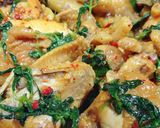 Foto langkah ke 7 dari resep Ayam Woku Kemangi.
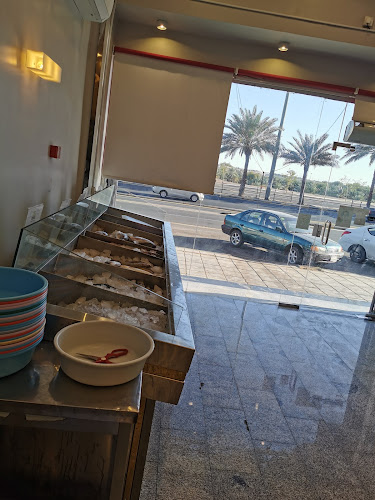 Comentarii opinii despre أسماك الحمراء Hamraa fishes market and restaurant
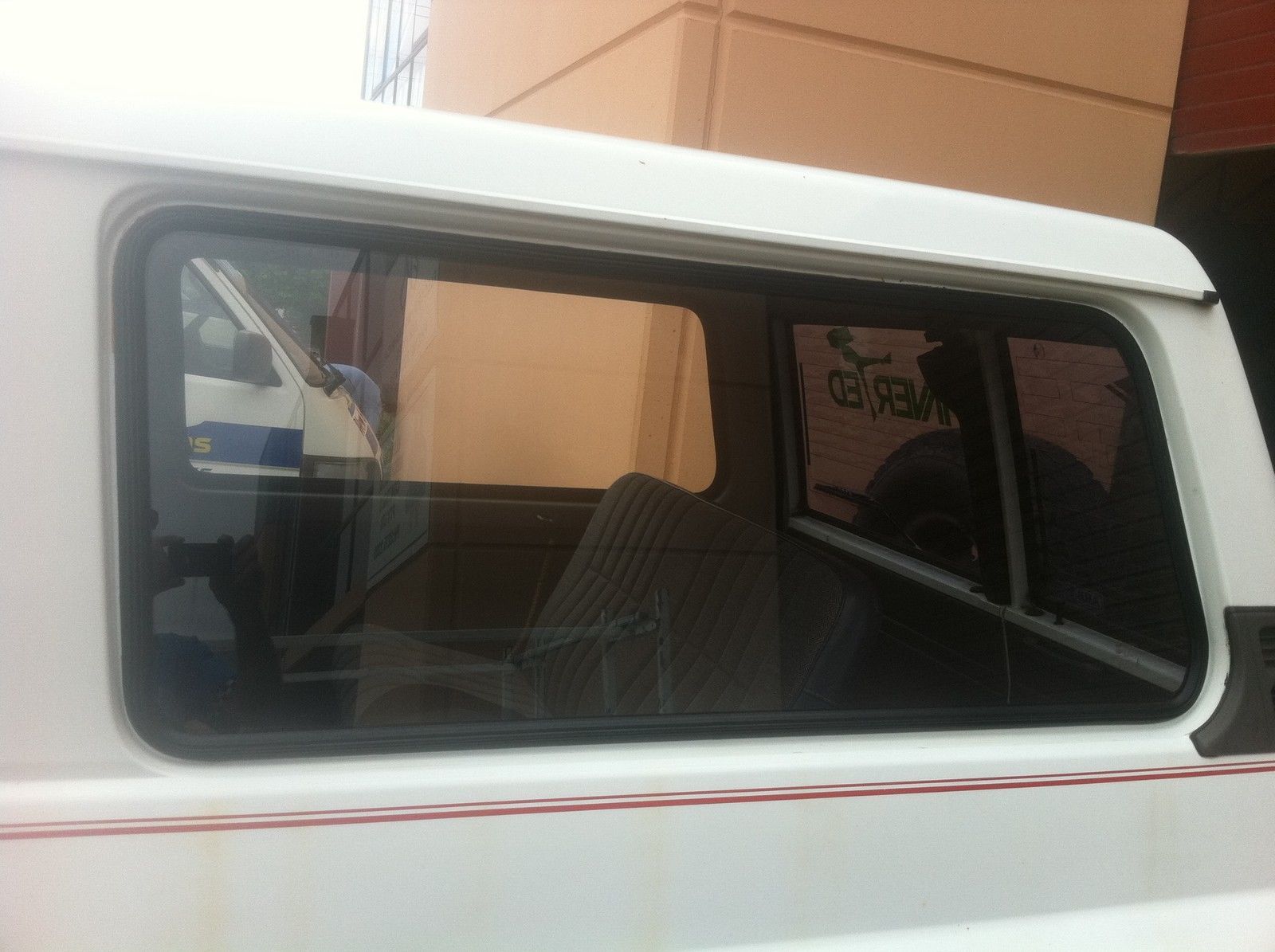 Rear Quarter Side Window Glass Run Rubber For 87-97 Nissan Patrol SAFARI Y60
—————
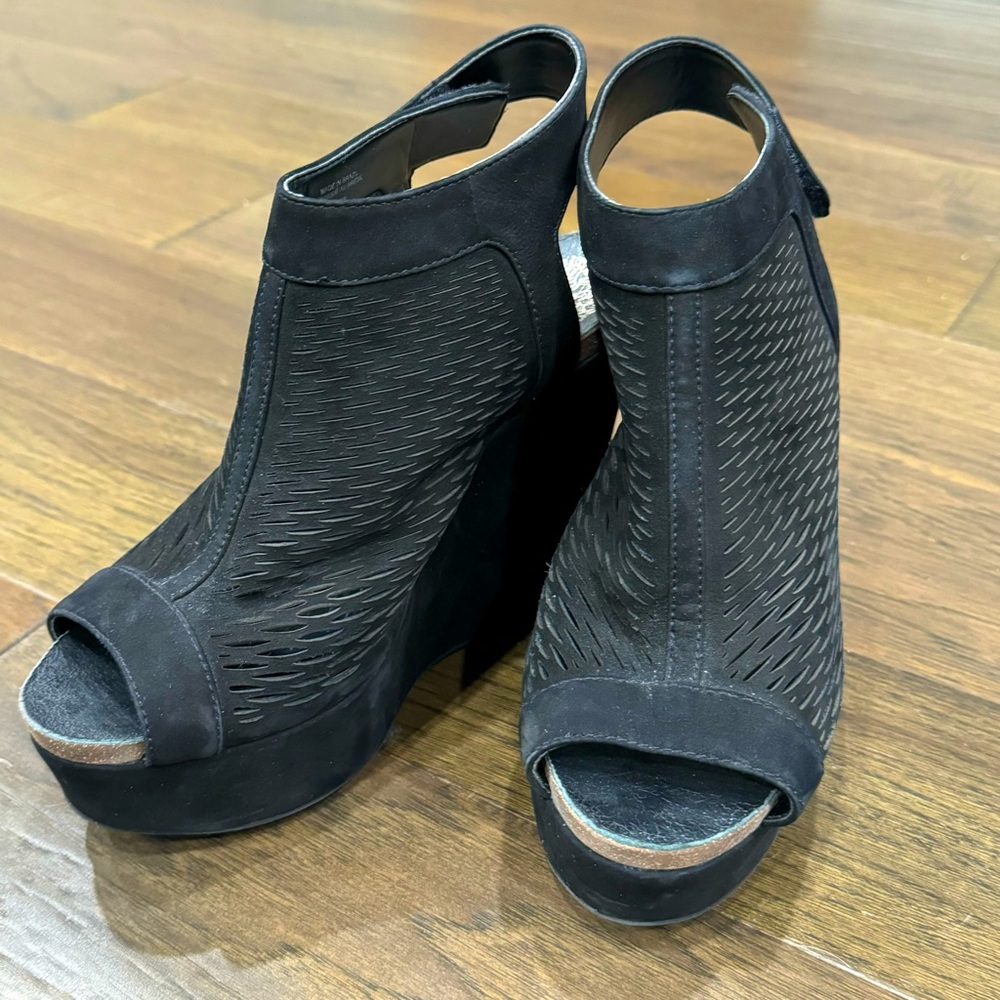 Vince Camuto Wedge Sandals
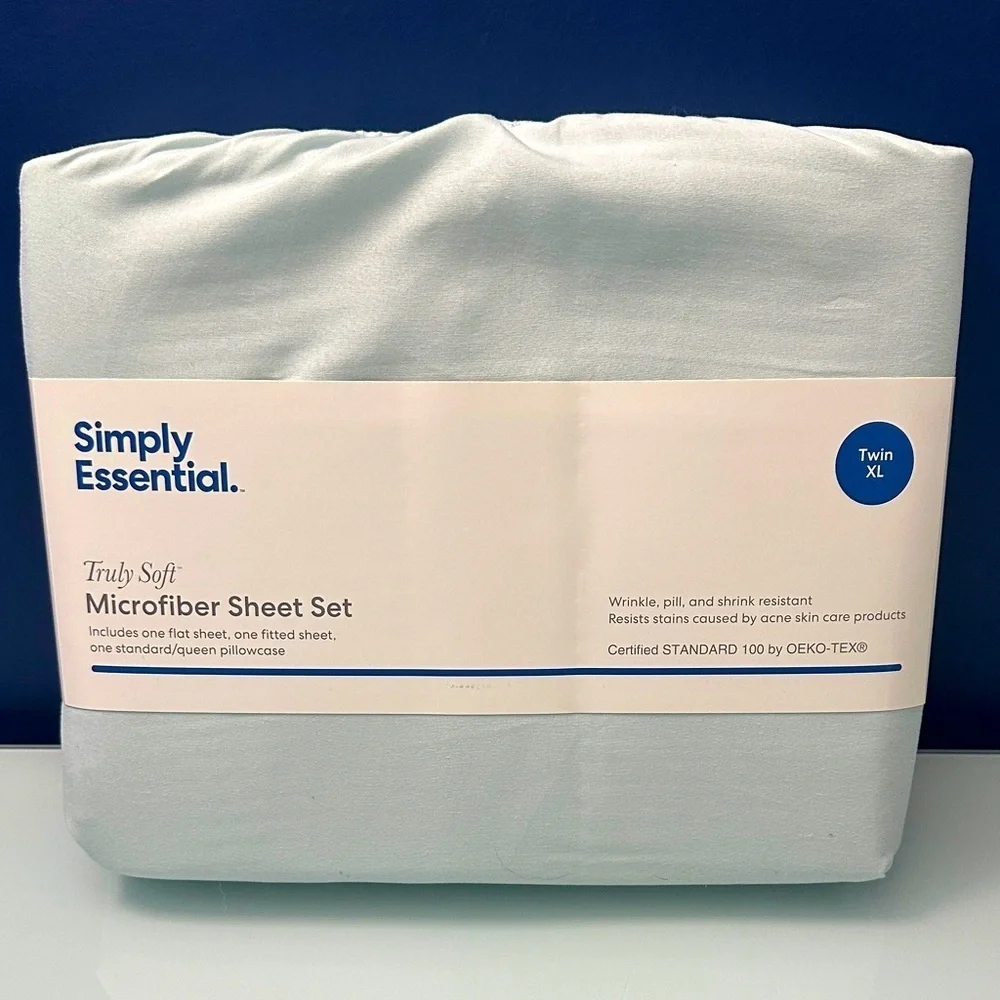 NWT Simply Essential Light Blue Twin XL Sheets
—————
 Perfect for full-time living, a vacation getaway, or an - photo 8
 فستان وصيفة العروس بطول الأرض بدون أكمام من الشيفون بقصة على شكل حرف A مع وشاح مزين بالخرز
—————
» **What you need to do**
Given the entries above, transcribe exactly the lines from the one holding "Vince Camuto Wedge Sandals" through the one holding "NWT Simply Essential"; pictures do not belong in the transcription.

» **Answer to the exercise**
 Vince Camuto Wedge Sandals
 NWT Simply Essential Light Blue Twin XL Sheets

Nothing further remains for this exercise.